Announcing the 2022 NADD Research Residents
Following an open call for proposals, three projects have been selected for the 2022 Network Archives Design and Digital Culture (NADD) research residency. With this residency, NADD aims to explore the potential of decentralised structures for archival practices in design and digital culture. This year’s selected projects are Playable Archives by Sara Culmann, Diagrammatic Temporalities in Memory Landscapes by Maxigas, and How to Publish an Archive in Pluriform? by Outline. The residents will develop their research from September to November, with support from a number of NADD’s partner organisations.
The selection was made based on the advice of a jury consisting of Kirsten Algera (MacGuffin Magazine), Annet Dekker (Universiteit van Amsterdam), Eric Kluitenberg (Tactical Media Files) and Clara Stille-Haardt (Het Nieuwe Instituut). The three selected projects each adopt a different approach to distributed and decentralised archives, focusing on interaction with, tooling for, and publishing of archives respectively.
Playable Archives approaches archival material through the lens of a user who creates storylines through the course of their browsing journey. The project departs from an interest in personal moderation of visual culture and the traces of individual decisions. Drawing on approaches from game studies and mechanics used in role playing games, the project explores archives as pretexts for play. What if we consider the entire archive as a playing field? What if we turn all collected items into game assets? What if we dive into data as a game character? А candid character, a greedy character, a seducer, an appropriator, a provocateur or a successor? This approach opens pathways to make connections across and beyond individual archives.
How do economic and scientific changes give birth to mixed feelings of frustration and excitement, angst and hope? How does the development of knowledge convince us to make mistakes?
Sara Culmann is a visual artist, designer and researcher who graduated from the Rijksakademie van Beeldende Kunsten in Amsterdam. Her research areas of interest include game studies, the semantics of digital tools and media, and historical parallels and intersections. In her work, she reflects on the existential impact of the cult of progress, scientific knowledge and information bias. She uses speculative narratives and works closely with cultural clichés, imprints and found content.
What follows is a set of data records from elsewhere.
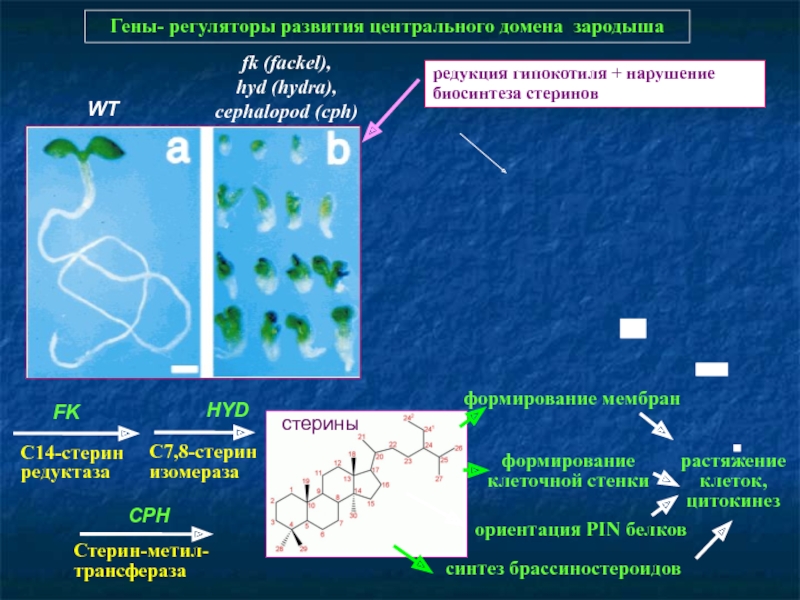 Оригинальные ссылки кракена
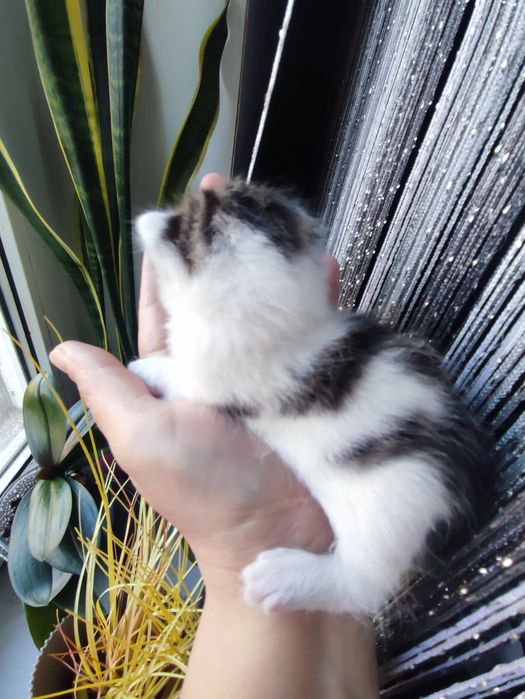 Кошенятко дівчинка.
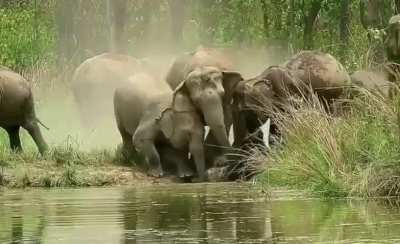 The moment a baby elephant falls into the water and the whole herd goes into rescue mode.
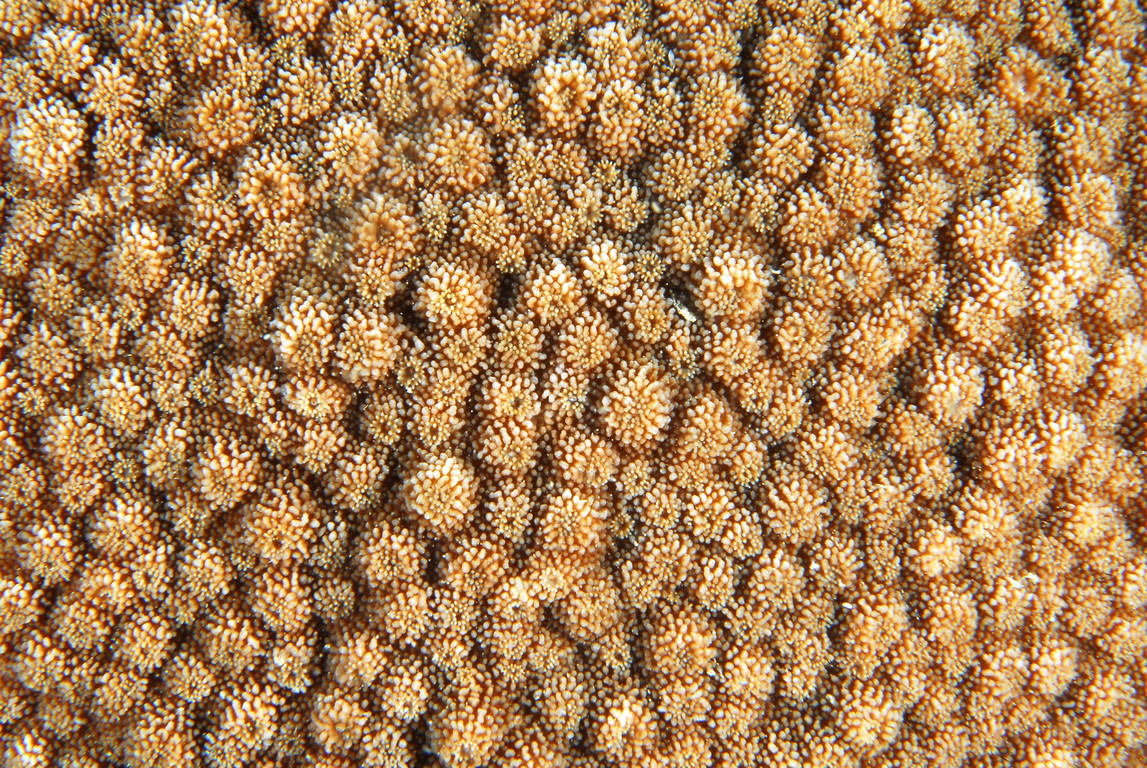 星孔珊瑚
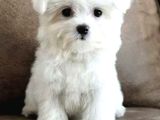 Maltese Terri̇er Ci̇nsi̇ Yavrular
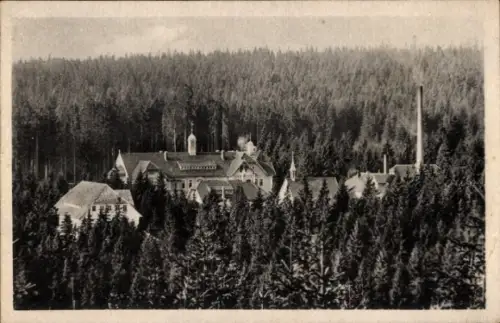 Ak Bad Reiboldsgrün Auerbach im Vogtland, Heilstätte Carolagrün, Waldlandschaft, Gebäude, keine P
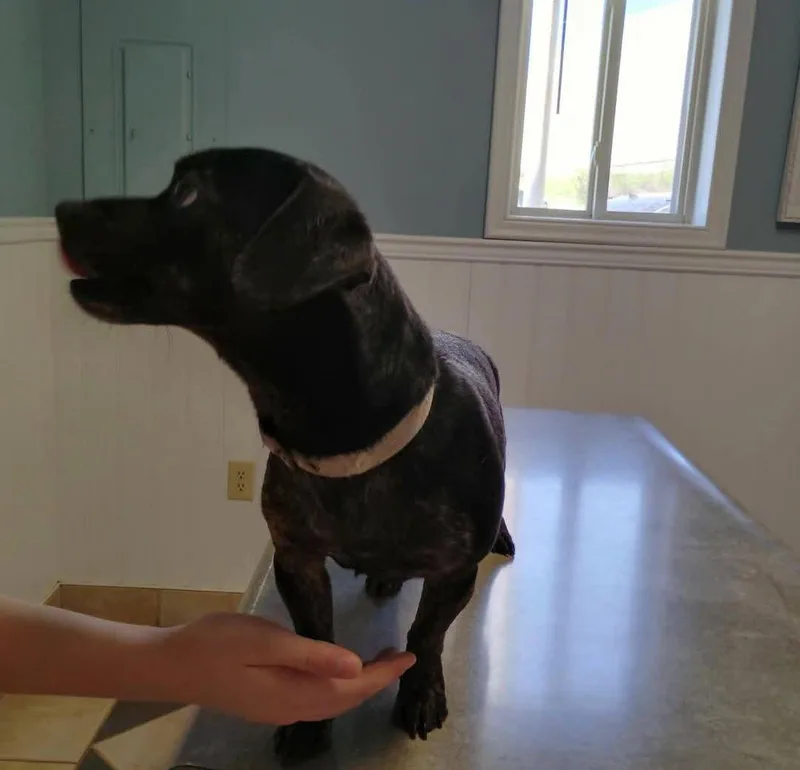 Rascal thumbnail 3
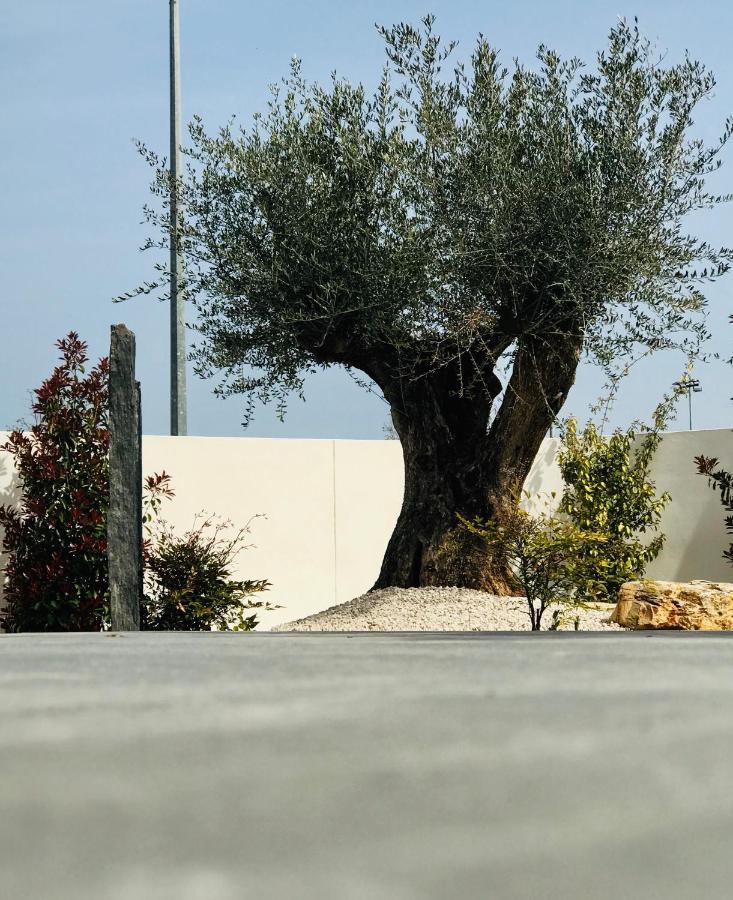 L'Oasis Vendargues Bed & Breakfast Екстериор снимка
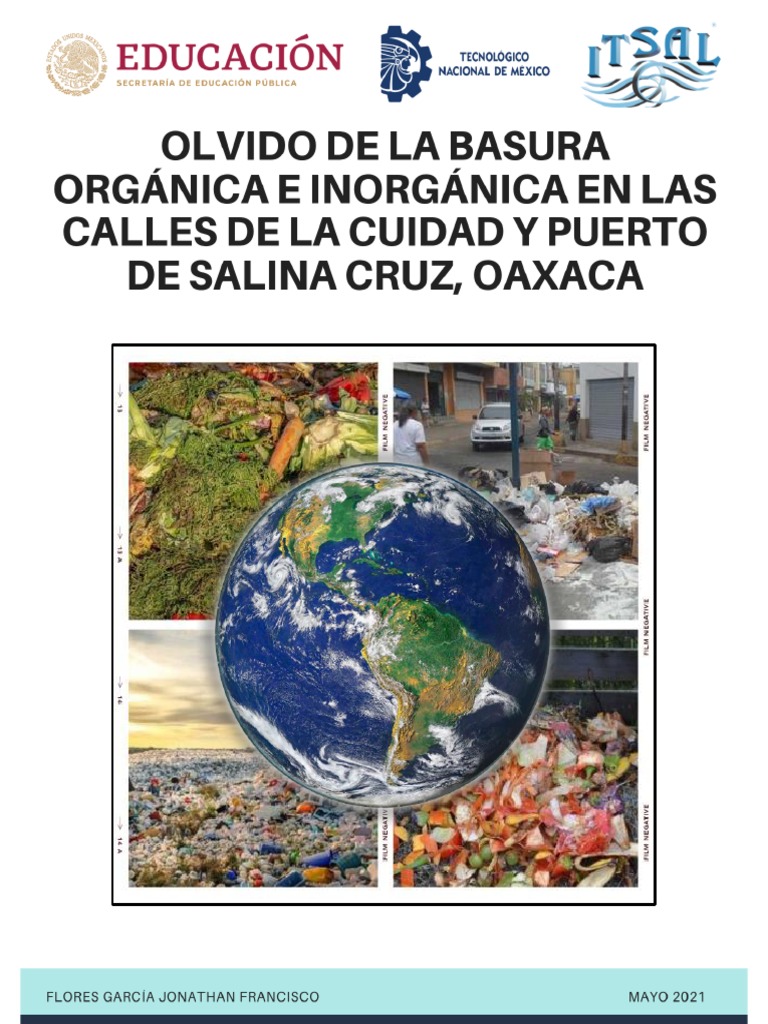 Actividado. Trabajo de Investigación Olvido de La Basura Orgánica e  Inorgánica en Las Calles de La Cuidad y Puerto de Salina Cruz, Oaxaca | PDF  | Evaluación del ciclo de vida | Residuos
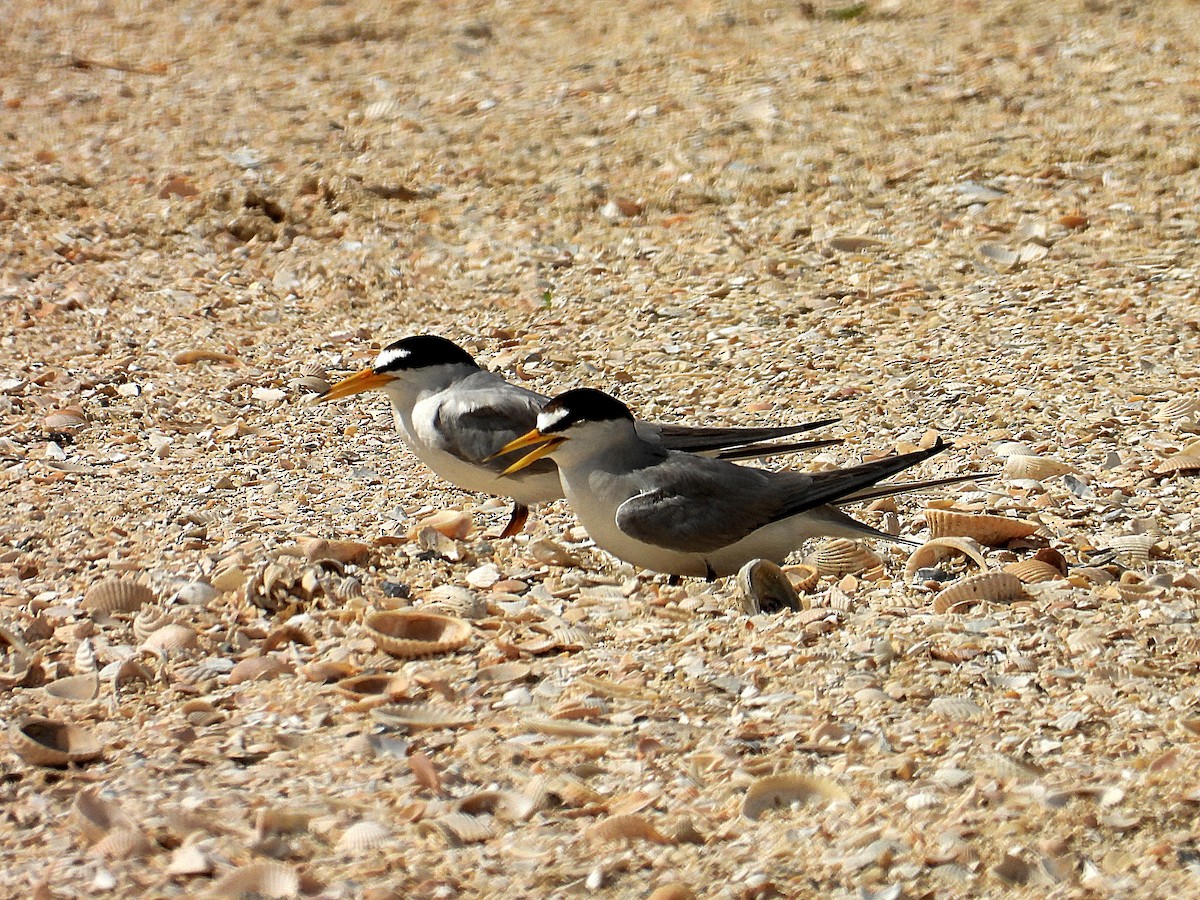 Least Tern - ML638036352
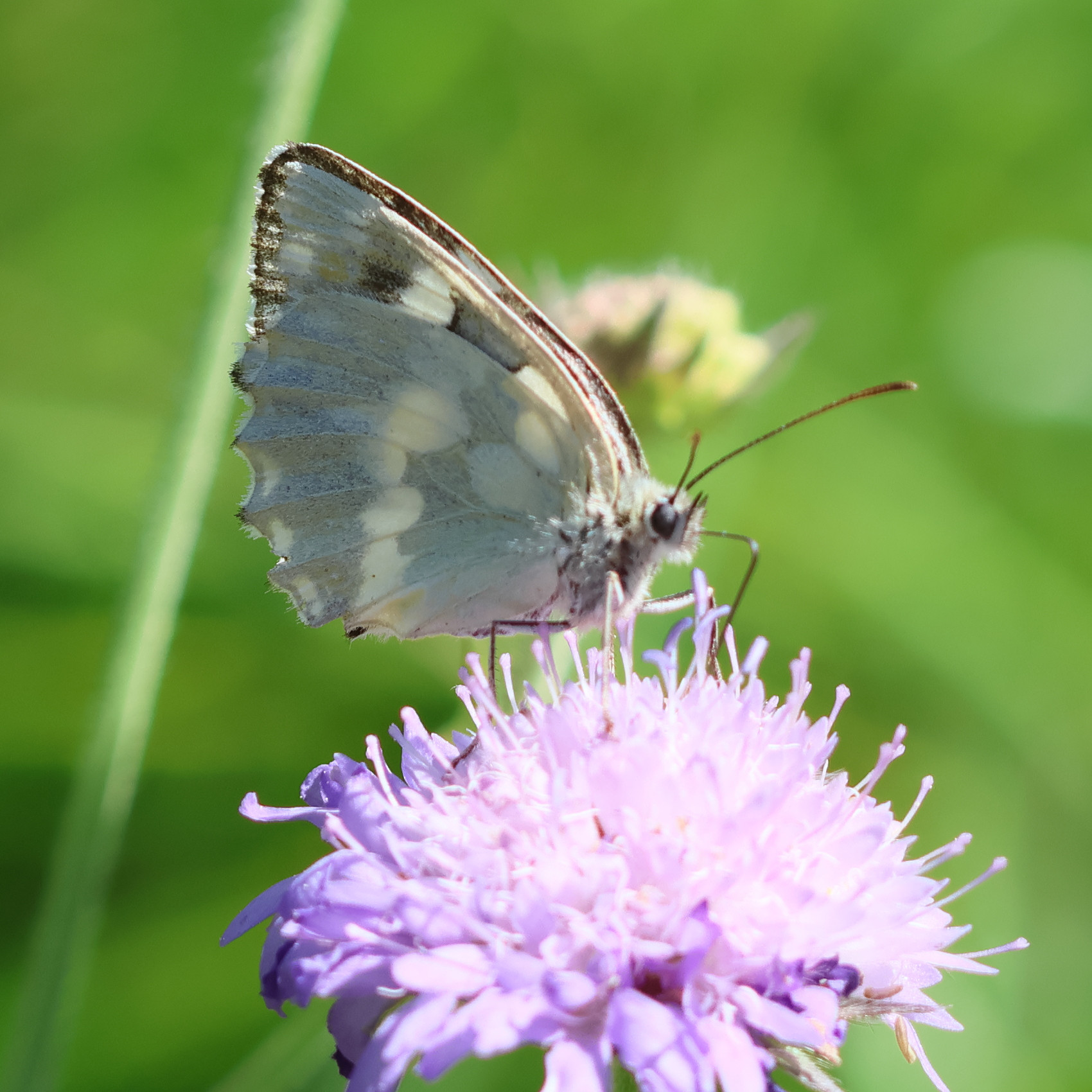 melanargia_galathea_leucomelas4bd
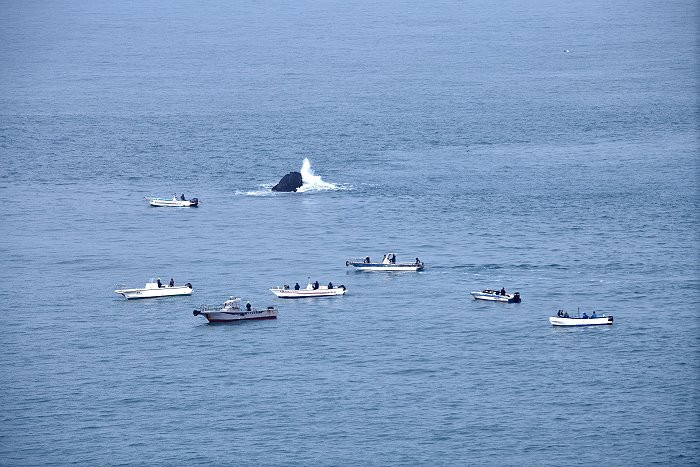 春節連假海象平穩　台灣釣友東引過年＋釣魚  照片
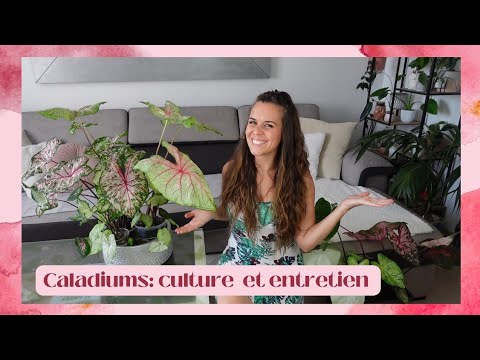 Caladiums 2: Culture et entretien pour avoir de beaux caladiums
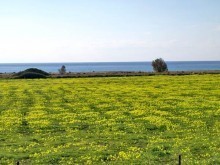 Beachfront Development Land In..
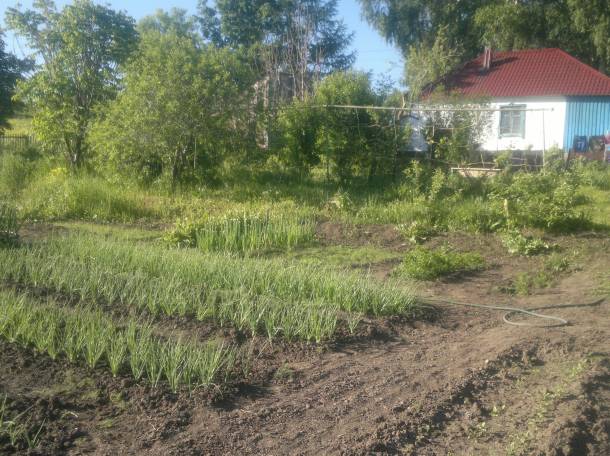 Дом в Белокаменке, Белокаменка, фотография 3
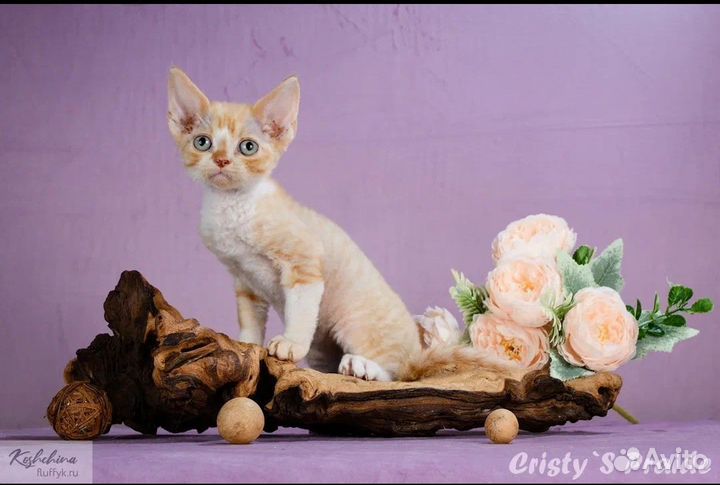 Котята девон-рекс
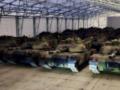 США отправили Польше очередную партию танков Abrams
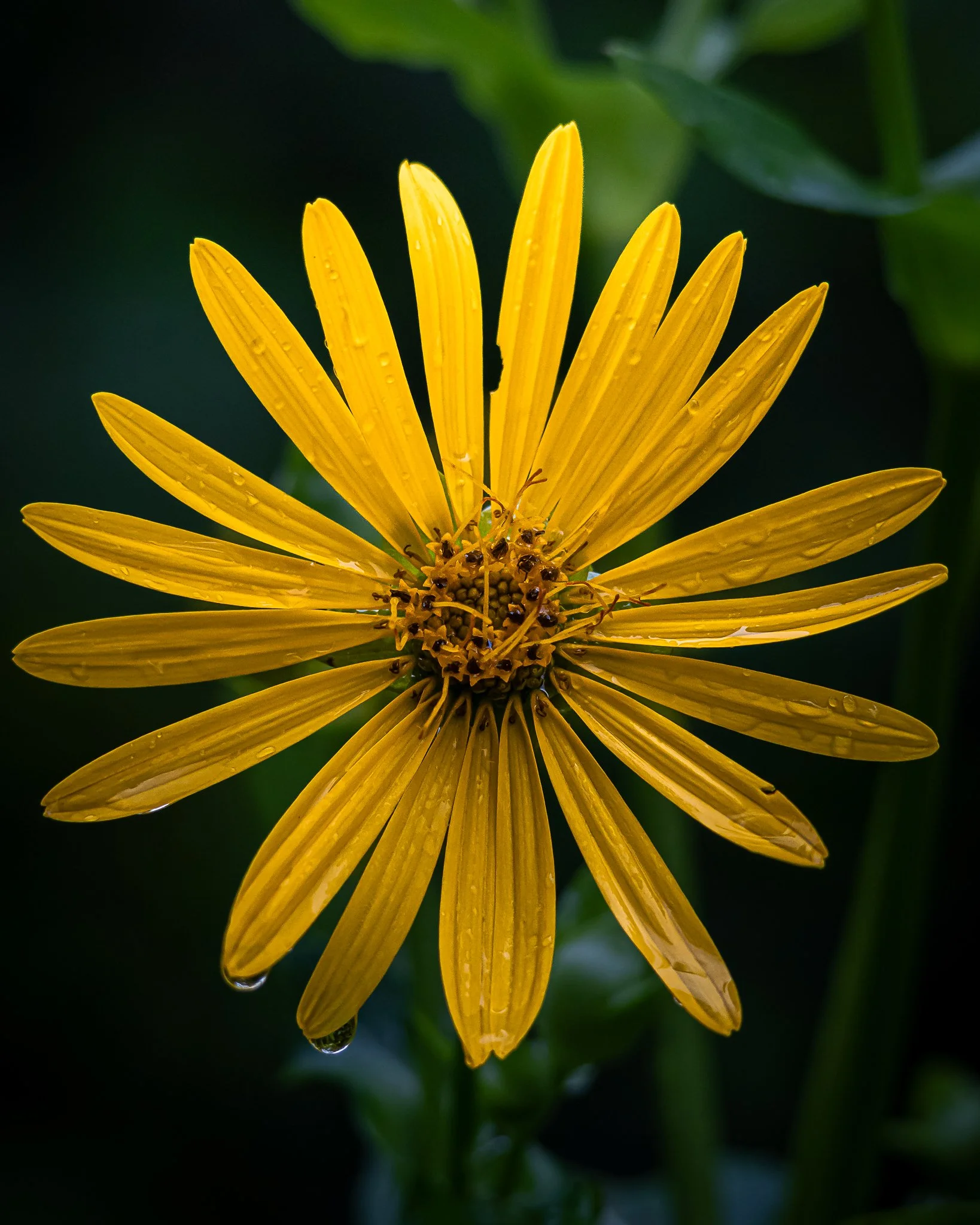 Wildflower Drip
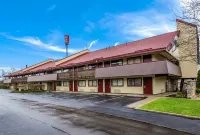 Red Roof Inn Lexington - Pet friendly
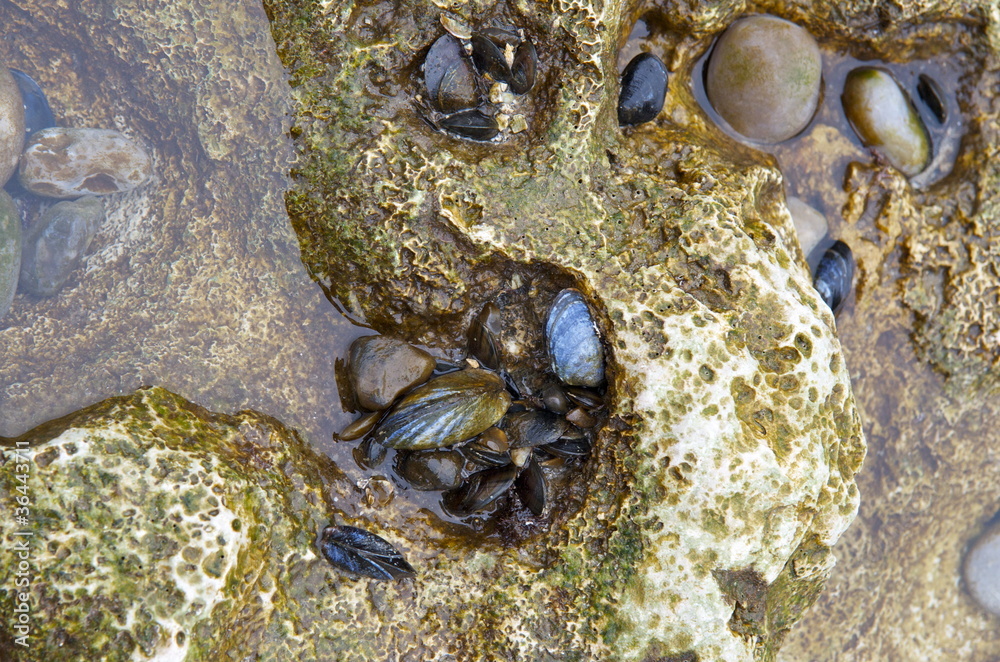 moules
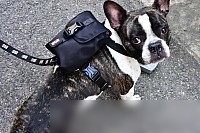 Рюкзак для животных Dogtrine DTAC-BP1001-BK-M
Diagrammatic Temporalities in Memory Landscapes
With Diagrammatic Temporalities in Memory Landscapes, Maxigas proposes to investigate the potential of version control systems like Git for archival practices in design and digital culture. Viewed as “change archives”, Git repositories account for the history of code in an infrastructural manner. Such systems are an integral, daily aspect in the process of software development; a process that is often decentralised and distributed. This project has the two-fold aim of developing a framework to understand source code in software repositories as digital material culture, and exploring the potential of distributed version control systems for decentralised, sustainable and accessible archives.
Maxigas (aka Peter Dunajcsik) is Senior Lecturer in the media department of the University of Amsterdam, combining teaching, sysadmin and research in the Critical Infrastructure Lab. His research focuses on social conflicts around media infrastructures, such as the next generation mobile telecommunications networks called 5G. His aim is to connect digital materialities with infrastructural ideologies, producing critical interventions in society and culture. His book, co-authored with Johan Söderberg, is published by MIT Press in autumn 2022, entitled: Resistance to the Current: The Dialectics of Hacking.
How to Publish an Archive in Pluriform?
How to Publish an Archive in Pluriform? extends an invitation into the process of making archives public. The project sets out to formulate a methodology that facilitates and stimulates an active, subjective engagement with archival objects. As such, it aims to develop a reusable tool. Through a series of encounters, conversations and exercises, the methodology will look into the ways an object situated in an archive could be unpacked through a collaborative process. Beyond a focus on the objects themselves, this offers a reflection on what decentralisation might mean for some of the wider institutional processes that archives are enmeshed in, such as selection, decision-making or access.
Outline is a floating collective and publishing platform for virtual, sonic and printed matter that aims to create interventions within intermediate spaces, to facilitate and accelerate an exchange by connecting ideas, artefacts, individuals and localities.
NADD Research Residency
The NADD research residency aims to explore the potential of decentralised structures for archival practices in design and digital culture. What might we learn by archiving these domains in decentralised and distributed ways? What tensions might such approaches uncover? And what challenges do they pose? Selected residents will each develop a project that addresses an aspect of these issues. Their research will bridge material from two or more different archives. The residency runs from September to November 2022, after which the outcomes of the projects will be published – in the first instance online, in the NADD web magazine.